Collection entries
Content starts

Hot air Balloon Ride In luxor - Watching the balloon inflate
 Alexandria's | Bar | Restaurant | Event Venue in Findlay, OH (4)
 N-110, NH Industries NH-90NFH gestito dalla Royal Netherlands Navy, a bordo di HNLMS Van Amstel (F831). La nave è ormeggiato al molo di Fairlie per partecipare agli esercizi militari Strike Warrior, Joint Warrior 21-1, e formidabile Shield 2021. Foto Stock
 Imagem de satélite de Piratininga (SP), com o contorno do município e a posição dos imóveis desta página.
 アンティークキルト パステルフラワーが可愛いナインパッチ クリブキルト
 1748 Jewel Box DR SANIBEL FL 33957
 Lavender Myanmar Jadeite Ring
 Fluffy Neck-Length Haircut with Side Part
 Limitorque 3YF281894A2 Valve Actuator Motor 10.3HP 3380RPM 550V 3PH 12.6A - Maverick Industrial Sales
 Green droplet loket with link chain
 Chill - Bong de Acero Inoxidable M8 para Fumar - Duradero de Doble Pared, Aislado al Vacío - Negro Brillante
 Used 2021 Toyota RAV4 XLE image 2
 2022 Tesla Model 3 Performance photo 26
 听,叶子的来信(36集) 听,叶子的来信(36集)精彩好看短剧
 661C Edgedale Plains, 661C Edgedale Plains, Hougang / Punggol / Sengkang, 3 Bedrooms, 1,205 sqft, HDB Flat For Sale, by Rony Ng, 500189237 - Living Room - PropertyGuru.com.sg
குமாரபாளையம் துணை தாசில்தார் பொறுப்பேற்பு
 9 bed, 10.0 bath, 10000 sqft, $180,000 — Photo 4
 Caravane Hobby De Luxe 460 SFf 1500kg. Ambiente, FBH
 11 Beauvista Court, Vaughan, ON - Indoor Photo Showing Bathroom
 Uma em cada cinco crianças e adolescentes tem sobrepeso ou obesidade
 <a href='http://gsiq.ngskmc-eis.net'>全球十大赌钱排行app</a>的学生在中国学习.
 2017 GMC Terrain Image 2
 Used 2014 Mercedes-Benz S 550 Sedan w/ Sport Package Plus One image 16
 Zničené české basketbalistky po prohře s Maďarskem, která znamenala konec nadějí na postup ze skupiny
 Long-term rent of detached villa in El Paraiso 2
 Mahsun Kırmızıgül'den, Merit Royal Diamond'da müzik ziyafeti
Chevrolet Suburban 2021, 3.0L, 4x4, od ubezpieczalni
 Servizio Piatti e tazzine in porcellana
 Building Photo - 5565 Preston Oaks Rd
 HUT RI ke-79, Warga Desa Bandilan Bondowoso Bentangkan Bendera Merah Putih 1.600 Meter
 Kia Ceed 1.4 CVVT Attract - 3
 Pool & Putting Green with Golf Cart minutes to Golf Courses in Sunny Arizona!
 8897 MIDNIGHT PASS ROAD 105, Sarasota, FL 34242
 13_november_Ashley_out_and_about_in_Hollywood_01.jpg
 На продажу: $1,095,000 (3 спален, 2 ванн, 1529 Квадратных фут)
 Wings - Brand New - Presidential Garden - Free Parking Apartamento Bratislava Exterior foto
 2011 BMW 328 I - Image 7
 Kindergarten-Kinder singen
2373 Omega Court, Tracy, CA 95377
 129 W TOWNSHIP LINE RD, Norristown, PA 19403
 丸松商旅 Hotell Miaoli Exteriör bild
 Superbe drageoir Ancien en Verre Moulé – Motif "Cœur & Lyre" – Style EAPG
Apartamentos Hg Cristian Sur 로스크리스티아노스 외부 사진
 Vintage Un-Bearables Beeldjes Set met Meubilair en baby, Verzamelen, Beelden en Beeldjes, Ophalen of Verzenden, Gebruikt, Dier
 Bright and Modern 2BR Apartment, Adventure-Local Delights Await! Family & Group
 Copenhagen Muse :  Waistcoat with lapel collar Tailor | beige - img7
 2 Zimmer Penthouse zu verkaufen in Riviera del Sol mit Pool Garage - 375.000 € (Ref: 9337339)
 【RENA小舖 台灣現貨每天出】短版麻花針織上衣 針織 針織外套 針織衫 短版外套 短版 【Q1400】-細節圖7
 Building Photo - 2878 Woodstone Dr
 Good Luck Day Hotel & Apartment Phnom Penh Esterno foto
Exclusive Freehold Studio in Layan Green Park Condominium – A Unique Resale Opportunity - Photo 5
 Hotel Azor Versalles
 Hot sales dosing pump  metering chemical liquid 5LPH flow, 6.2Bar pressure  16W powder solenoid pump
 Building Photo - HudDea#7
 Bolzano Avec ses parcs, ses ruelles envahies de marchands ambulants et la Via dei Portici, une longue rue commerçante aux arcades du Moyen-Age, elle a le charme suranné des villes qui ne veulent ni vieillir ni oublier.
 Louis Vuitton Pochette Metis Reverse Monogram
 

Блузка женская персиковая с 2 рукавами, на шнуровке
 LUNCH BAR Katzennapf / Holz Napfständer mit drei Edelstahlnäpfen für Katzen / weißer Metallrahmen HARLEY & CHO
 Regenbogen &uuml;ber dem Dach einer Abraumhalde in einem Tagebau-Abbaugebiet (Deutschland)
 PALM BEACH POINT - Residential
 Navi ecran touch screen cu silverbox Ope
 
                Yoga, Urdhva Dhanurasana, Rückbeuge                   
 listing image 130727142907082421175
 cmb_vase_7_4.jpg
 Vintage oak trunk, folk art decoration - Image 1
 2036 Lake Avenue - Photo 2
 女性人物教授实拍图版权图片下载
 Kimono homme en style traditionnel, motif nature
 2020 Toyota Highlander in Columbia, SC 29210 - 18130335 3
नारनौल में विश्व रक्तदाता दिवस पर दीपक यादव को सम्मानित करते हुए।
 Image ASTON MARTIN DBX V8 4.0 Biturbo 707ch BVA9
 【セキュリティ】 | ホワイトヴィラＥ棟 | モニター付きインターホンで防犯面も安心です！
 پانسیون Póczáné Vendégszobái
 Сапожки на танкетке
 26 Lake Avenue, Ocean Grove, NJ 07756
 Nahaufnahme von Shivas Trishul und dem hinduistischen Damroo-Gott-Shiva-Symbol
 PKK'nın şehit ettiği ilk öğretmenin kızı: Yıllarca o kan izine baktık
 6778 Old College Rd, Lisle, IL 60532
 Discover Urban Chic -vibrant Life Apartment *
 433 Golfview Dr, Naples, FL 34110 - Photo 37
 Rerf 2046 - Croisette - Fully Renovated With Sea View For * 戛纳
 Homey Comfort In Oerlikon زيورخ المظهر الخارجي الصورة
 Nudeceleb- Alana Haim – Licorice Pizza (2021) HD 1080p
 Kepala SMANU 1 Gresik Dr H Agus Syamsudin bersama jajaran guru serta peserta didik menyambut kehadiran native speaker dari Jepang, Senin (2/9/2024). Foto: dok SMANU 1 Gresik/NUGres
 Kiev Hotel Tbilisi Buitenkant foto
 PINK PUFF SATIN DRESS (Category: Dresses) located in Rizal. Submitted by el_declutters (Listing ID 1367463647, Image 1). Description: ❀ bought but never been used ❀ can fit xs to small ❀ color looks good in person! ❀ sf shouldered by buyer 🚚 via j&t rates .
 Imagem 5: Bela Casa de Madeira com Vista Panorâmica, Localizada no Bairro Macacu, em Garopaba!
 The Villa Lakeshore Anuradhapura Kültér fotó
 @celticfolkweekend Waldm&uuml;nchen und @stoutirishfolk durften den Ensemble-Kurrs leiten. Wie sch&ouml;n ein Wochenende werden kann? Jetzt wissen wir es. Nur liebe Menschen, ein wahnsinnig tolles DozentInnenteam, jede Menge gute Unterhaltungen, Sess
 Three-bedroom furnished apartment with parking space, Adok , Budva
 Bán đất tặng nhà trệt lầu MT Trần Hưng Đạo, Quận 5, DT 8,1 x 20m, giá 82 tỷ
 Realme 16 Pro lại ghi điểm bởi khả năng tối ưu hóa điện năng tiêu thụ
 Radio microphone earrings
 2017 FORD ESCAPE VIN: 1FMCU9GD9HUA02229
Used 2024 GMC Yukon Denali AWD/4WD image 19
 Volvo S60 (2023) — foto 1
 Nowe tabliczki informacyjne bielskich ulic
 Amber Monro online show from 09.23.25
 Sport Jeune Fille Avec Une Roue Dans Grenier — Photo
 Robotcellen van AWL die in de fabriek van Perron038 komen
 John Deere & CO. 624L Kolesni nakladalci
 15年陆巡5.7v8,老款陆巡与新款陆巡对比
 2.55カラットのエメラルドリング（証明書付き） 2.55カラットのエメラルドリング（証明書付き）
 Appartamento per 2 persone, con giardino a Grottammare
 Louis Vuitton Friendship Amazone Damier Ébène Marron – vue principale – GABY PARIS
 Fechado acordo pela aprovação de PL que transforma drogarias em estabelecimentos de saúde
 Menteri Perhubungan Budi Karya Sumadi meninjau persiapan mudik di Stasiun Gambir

Content ends

→ **Aim of the exercise**
Every line that contains the string "Avec" should be copied from the entries.

→ **Your response**
 Bolzano Avec ses parcs, ses ruelles envahies de marchands ambulants et la Via dei Portici, une longue rue commerçante aux arcades du Moyen-Age, elle a le charme suranné des villes qui ne veulent ni vieillir ni oublier.
 Sport Jeune Fille Avec Une Roue Dans Grenier — Photo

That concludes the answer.